Your objective
Take the lines from the beginning of the data below through the line holding "SurfSide Dog LLC image 1" and return exactly those.

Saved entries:
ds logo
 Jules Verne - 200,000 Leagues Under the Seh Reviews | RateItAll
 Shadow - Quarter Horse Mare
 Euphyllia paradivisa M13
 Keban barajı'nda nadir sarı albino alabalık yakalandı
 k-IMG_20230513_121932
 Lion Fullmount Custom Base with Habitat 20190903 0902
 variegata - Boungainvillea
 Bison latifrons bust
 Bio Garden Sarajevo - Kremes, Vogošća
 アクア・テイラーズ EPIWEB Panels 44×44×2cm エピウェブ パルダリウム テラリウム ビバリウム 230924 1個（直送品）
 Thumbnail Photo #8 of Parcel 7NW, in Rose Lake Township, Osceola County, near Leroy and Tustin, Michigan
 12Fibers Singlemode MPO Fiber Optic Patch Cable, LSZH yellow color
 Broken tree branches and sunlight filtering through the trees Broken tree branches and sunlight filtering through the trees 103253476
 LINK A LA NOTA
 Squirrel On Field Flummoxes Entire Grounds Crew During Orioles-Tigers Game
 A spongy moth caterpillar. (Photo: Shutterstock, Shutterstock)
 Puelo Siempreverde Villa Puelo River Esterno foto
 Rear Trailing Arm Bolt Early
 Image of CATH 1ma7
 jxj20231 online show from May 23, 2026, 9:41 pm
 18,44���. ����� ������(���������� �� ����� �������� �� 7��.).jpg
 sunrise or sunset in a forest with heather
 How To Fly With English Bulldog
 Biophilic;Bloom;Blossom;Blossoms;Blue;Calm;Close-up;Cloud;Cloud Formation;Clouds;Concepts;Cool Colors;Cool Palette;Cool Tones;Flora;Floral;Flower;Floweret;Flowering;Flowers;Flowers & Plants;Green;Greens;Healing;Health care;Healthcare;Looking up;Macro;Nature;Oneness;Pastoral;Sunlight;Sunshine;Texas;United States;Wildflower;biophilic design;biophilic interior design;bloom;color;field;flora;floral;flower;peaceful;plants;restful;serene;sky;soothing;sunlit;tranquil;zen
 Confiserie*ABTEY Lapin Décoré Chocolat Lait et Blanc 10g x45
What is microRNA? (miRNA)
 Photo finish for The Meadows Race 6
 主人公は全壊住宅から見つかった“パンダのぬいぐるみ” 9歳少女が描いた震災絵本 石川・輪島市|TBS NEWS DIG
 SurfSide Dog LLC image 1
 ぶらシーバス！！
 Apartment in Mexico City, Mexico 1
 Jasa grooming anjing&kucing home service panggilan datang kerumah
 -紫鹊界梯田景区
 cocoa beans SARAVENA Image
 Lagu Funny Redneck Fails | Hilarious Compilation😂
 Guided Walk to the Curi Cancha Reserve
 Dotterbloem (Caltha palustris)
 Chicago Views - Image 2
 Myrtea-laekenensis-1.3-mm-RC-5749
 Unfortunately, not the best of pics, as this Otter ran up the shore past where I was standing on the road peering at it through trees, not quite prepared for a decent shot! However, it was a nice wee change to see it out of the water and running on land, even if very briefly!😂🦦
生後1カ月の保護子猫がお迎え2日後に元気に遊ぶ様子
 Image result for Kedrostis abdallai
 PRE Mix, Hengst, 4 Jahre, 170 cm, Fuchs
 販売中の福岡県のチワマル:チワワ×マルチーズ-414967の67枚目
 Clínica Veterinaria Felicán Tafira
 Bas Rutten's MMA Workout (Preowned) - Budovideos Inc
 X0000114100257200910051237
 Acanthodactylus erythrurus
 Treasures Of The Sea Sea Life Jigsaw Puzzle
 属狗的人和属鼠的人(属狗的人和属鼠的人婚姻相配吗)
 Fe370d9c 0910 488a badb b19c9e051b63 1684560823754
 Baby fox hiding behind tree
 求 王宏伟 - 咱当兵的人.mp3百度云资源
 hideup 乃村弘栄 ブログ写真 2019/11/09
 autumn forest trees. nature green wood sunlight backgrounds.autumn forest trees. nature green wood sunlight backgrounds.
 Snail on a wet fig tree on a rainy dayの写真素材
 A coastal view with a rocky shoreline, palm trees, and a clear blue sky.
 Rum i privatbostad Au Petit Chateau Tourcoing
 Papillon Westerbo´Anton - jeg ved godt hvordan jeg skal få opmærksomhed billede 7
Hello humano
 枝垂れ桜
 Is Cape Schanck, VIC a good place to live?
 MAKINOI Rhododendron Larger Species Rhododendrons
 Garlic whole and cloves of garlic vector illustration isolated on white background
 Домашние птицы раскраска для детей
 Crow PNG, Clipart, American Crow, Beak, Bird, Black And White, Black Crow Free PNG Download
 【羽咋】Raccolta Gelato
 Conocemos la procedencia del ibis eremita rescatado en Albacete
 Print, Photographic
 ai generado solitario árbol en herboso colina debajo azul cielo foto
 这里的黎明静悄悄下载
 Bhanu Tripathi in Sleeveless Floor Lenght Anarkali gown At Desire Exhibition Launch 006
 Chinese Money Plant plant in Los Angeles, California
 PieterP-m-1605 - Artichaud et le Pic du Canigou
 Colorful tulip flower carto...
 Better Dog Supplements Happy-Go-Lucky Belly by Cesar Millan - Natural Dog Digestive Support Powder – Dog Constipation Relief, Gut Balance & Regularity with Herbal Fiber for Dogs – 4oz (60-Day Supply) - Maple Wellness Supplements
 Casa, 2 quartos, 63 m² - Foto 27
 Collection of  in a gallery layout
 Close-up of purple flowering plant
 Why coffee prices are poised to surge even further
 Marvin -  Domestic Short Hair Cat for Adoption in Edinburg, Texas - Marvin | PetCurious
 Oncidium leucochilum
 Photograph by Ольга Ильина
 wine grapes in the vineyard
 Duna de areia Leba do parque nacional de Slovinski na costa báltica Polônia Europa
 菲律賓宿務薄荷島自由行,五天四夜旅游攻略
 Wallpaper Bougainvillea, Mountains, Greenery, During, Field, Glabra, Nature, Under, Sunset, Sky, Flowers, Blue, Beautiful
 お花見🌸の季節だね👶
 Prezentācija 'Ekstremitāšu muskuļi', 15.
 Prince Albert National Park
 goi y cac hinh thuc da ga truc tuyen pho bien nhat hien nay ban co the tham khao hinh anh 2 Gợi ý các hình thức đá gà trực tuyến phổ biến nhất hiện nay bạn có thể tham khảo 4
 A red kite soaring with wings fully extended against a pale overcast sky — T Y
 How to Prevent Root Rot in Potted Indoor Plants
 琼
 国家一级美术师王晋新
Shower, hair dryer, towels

Solution for this exercise
ds logo
 Jules Verne - 200,000 Leagues Under the Seh Reviews | RateItAll
 Shadow - Quarter Horse Mare
 Euphyllia paradivisa M13
 Keban barajı'nda nadir sarı albino alabalık yakalandı
 k-IMG_20230513_121932
 Lion Fullmount Custom Base with Habitat 20190903 0902
 variegata - Boungainvillea
 Bison latifrons bust
 Bio Garden Sarajevo - Kremes, Vogošća
 アクア・テイラーズ EPIWEB Panels 44×44×2cm エピウェブ パルダリウム テラリウム ビバリウム 230924 1個（直送品）
 Thumbnail Photo #8 of Parcel 7NW, in Rose Lake Township, Osceola County, near Leroy and Tustin, Michigan
 12Fibers Singlemode MPO Fiber Optic Patch Cable, LSZH yellow color
 Broken tree branches and sunlight filtering through the trees Broken tree branches and sunlight filtering through the trees 103253476
 LINK A LA NOTA
 Squirrel On Field Flummoxes Entire Grounds Crew During Orioles-Tigers Game
 A spongy moth caterpillar. (Photo: Shutterstock, Shutterstock)
 Puelo Siempreverde Villa Puelo River Esterno foto
 Rear Trailing Arm Bolt Early
 Image of CATH 1ma7
 jxj20231 online show from May 23, 2026, 9:41 pm
 18,44���. ����� ������(���������� �� ����� �������� �� 7��.).jpg
 sunrise or sunset in a forest with heather
 How To Fly With English Bulldog
 Biophilic;Bloom;Blossom;Blossoms;Blue;Calm;Close-up;Cloud;Cloud Formation;Clouds;Concepts;Cool Colors;Cool Palette;Cool Tones;Flora;Floral;Flower;Floweret;Flowering;Flowers;Flowers & Plants;Green;Greens;Healing;Health care;Healthcare;Looking up;Macro;Nature;Oneness;Pastoral;Sunlight;Sunshine;Texas;United States;Wildflower;biophilic design;biophilic interior design;bloom;color;field;flora;floral;flower;peaceful;plants;restful;serene;sky;soothing;sunlit;tranquil;zen
 Confiserie*ABTEY Lapin Décoré Chocolat Lait et Blanc 10g x45
What is microRNA? (miRNA)
 Photo finish for The Meadows Race 6
 主人公は全壊住宅から見つかった“パンダのぬいぐるみ” 9歳少女が描いた震災絵本 石川・輪島市|TBS NEWS DIG
 SurfSide Dog LLC image 1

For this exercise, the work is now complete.